The E-Com That Saved Us Money



It’s over a year since E became the most abused letter in the alphabet. But
the E our industry really loses sleep over is the enterprise. Especially when it’s
cash-strapped and cuts spending on IT.

But despite the funds squeeze in 2001, enterprises had a good year with
infotech. Those who used it well. Much of the benefit came from better datacom:
networking, apps, voice systems.



First, connectivity. This was the first year enterprises really saw
stabilized, private ISP alternatives to VSNL and DoT. I remember when, up to
1999, our leased and ISDN lines would simply drop dead and we’d have people
rushing around looking for linesmen to bribe. Now, whatever the bandwidth
complaints we have with our private ISP, we don’t have downtime. And hey,
there’s competition. Even VSNL has tried to improve, though not very hard.

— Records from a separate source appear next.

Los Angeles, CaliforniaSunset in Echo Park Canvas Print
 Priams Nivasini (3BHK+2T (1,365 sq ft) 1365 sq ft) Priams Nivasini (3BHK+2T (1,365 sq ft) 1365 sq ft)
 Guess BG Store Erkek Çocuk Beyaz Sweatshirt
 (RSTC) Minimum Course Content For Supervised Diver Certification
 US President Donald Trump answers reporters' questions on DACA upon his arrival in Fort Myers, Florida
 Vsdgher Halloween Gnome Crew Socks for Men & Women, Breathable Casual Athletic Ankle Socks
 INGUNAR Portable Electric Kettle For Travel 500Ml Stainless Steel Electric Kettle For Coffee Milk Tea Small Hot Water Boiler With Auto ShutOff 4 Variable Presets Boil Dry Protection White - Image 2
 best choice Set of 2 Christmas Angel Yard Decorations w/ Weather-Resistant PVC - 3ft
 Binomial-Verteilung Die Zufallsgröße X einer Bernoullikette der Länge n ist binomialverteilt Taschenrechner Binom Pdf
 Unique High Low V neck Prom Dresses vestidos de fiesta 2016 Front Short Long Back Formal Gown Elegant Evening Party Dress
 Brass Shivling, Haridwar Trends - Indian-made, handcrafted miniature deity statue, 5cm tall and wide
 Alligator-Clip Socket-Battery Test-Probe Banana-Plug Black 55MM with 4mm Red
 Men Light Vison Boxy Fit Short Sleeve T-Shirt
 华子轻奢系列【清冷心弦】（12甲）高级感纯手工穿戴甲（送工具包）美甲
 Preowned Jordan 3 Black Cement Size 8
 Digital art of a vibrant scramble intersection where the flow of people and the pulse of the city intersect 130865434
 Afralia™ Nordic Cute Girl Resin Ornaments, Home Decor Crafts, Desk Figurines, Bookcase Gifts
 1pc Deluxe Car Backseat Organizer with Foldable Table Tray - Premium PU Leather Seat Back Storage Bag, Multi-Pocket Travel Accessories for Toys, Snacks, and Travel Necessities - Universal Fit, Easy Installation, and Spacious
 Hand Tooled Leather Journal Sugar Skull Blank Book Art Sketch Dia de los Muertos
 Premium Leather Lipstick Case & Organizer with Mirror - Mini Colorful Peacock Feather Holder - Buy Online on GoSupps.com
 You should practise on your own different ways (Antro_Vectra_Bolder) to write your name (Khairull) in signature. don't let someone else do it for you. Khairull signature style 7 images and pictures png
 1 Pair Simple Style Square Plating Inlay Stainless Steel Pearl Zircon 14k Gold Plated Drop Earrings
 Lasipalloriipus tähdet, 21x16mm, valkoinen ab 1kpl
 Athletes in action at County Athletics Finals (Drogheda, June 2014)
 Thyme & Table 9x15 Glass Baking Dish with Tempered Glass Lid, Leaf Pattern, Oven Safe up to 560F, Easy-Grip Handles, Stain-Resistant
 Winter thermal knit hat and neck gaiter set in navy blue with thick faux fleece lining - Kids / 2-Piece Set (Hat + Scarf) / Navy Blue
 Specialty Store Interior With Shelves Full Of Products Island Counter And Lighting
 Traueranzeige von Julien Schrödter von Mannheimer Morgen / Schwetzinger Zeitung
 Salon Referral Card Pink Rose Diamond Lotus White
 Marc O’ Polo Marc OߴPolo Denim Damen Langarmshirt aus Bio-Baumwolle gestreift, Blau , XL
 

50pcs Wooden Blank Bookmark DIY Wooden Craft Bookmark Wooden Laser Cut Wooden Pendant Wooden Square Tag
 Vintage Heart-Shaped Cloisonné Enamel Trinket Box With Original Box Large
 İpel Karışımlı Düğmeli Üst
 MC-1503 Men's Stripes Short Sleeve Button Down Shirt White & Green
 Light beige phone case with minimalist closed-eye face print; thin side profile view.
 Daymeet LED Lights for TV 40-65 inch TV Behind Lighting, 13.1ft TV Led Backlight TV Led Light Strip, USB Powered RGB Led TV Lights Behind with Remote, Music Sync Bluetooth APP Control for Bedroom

Even in backward Gurgaon, we can choose from a variety of leased and dial-up
lines, radio links, VSAT broadband, C-band async data. We still can’t reliably
make ordinary phone calls (forget about using 1-600 or special services), but
private cellular and now even basic telephony operators give us a choice. And
data’s been filling the gap rather well.

For four years we’ve had desktop Internet access for all employees across
our publication group’s country-wide offices, but 2001 was when it became
consistent, dependable, and usable for applications and workflow. For a mid-size
enterprise, that’s a great thing.

The first big app to leverage all this connectivity (after email, which we’ve
used for six years) was IM–instant messaging. Now, meetings, on-the-fly
discussions, even performance appraisals, happen over IM. Our long-distance
phone bills have dropped sharply. Cellphones are used heavily for messaging,
with Web, mail and IM integration.

Then, of course, came specific apps, such as customer apps and payment
gateways, which were transformed by all the connectivity.

Next stop is VoIP. With the path clearer for voice and data convergence, our
first use of this will probably be voice over IM, for quick and cheap on-the-fly
conferences.

Okay, we’re ahead of the average SME as far as this E-com–enterprise
comms–goes. But this is a sampler of what others can do. And of where the
industry can make money today. There’s crores to be made just from deploying
messaging systems…

So why would we spend crores in a slowdown? Because an online app like IM can
very tangibly save us lots of money. That’s a clincher, in these times.
Recover the investment in a month…

Connectivity will bring up many such opportunities for those who look for
them: both enterprises, and the industry. And those who grab them now will
profit the most when the slowdown eases off–a few months from now.